Judge: Stephen P. Pfahler, Case: 22STCV12632, Date: 2024-07-17 Tentative Ruling
Case Number: 22STCV12632 Hearing Date: July 17, 2024 Dept: 68
Dept.
68
Date:
7-17-24
Case:
23STCV12632
Trial
Date: 11-4-24
LEAVE TO AMEND
MOVING
PARTY: Plaintiff, Tsleel Escappa
RESPONDING
PARTY: Defendants, Hi-Tech Builders, Inc., et al.
RELIEF
REQUESTED
Motion
for Leave to File a First Amended Complaint
SUMMARY
OF ACTION
Plaintiff
Tsleel Escappa alleges an employment period with Defendant Hi-Tech Builders
from October 26, 2021, through February 10, 2022. Plaintiff alleges a fixed
salary, plus a commission system for any “leads.” Plaintiff alleges an
entitlement and demand to a commission for a certain project led to his
termination. When Plaintiff returned to payment, Plaintiff alleges a
significantly reduced amount from the entitled commission.
On
June 2, 2023, Plaintiff filed a five cause of action wage and hour and breach
of contract complaint. Defendants Hi-Tech Builders and David Lahyani answered
the complaint on November 29, 2023.
RULING: Granted.
Plaintiff
Tsleel Escappa moves for leave to file a first amended complaint in order to
add nine (9) new causes of action for Retaliation in Violation of Cal. Lab.
Code § 98.6; Retaliation in Violation of Cal. Lab. Code § 1102.5; Failure to
Pay Minimum Wages in Violation of Cal. Lab.
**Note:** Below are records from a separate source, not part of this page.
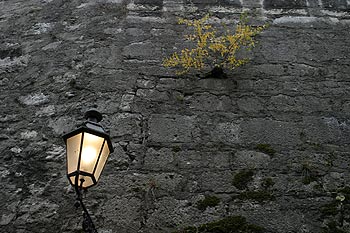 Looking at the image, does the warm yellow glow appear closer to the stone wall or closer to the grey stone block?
the stone wall

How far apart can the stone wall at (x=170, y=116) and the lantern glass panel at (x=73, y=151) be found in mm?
598

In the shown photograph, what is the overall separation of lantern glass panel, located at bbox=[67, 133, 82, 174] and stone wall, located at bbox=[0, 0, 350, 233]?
60 centimetres

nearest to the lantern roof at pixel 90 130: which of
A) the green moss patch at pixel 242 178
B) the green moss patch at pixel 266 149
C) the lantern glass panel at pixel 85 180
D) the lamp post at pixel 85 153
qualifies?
the lamp post at pixel 85 153

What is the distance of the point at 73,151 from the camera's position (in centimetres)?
239

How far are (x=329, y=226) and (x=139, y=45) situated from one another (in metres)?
2.15

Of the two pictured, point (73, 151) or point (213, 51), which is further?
point (213, 51)

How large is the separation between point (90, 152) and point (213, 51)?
184cm

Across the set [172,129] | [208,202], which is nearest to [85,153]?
[208,202]

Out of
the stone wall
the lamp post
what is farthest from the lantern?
the stone wall

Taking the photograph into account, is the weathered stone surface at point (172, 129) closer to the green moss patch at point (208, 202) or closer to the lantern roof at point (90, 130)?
the green moss patch at point (208, 202)

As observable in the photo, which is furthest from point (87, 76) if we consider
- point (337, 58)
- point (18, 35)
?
point (337, 58)

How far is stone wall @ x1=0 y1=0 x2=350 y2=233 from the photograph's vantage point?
292 centimetres

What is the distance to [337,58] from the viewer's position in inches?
156

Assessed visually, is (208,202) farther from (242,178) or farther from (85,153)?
(85,153) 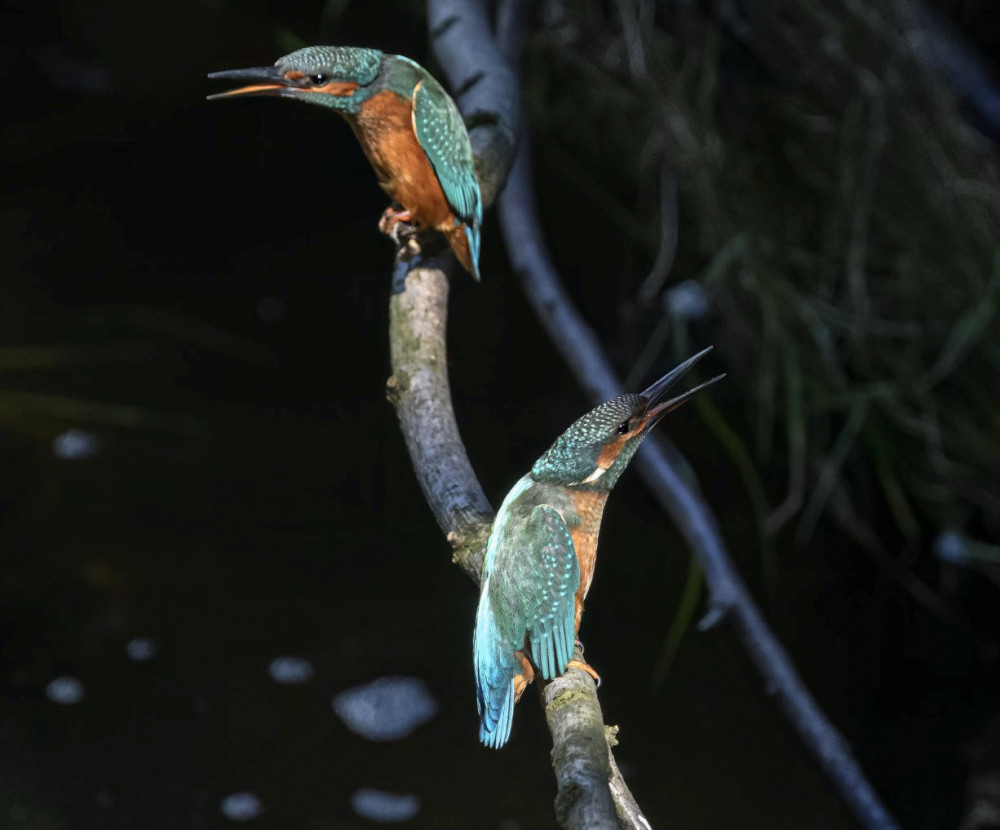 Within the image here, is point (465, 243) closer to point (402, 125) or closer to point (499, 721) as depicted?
point (402, 125)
Code §§ 118.12, 1194, 1194.2, 1197;
Wage Statement Penalties in Violation of Cal. Lab. Code § 226; Waiting Time
Penalties in Violation of Cal. Lab. Code §§ 201-203; Failure to Reimburse
Necessary Business Expenses in Violation of Cal. Lab. Code § 2802; Unfair
Competition in Violation of Bus. & Prof. Code §§ 17200, et seq.; Failure to
Provide Written Commission Agreement in Violation of Cal. Lab. Code § 2751; and
Failure to Timely Pay Earned Commission in Violation of Cal. Lab. Code § 204.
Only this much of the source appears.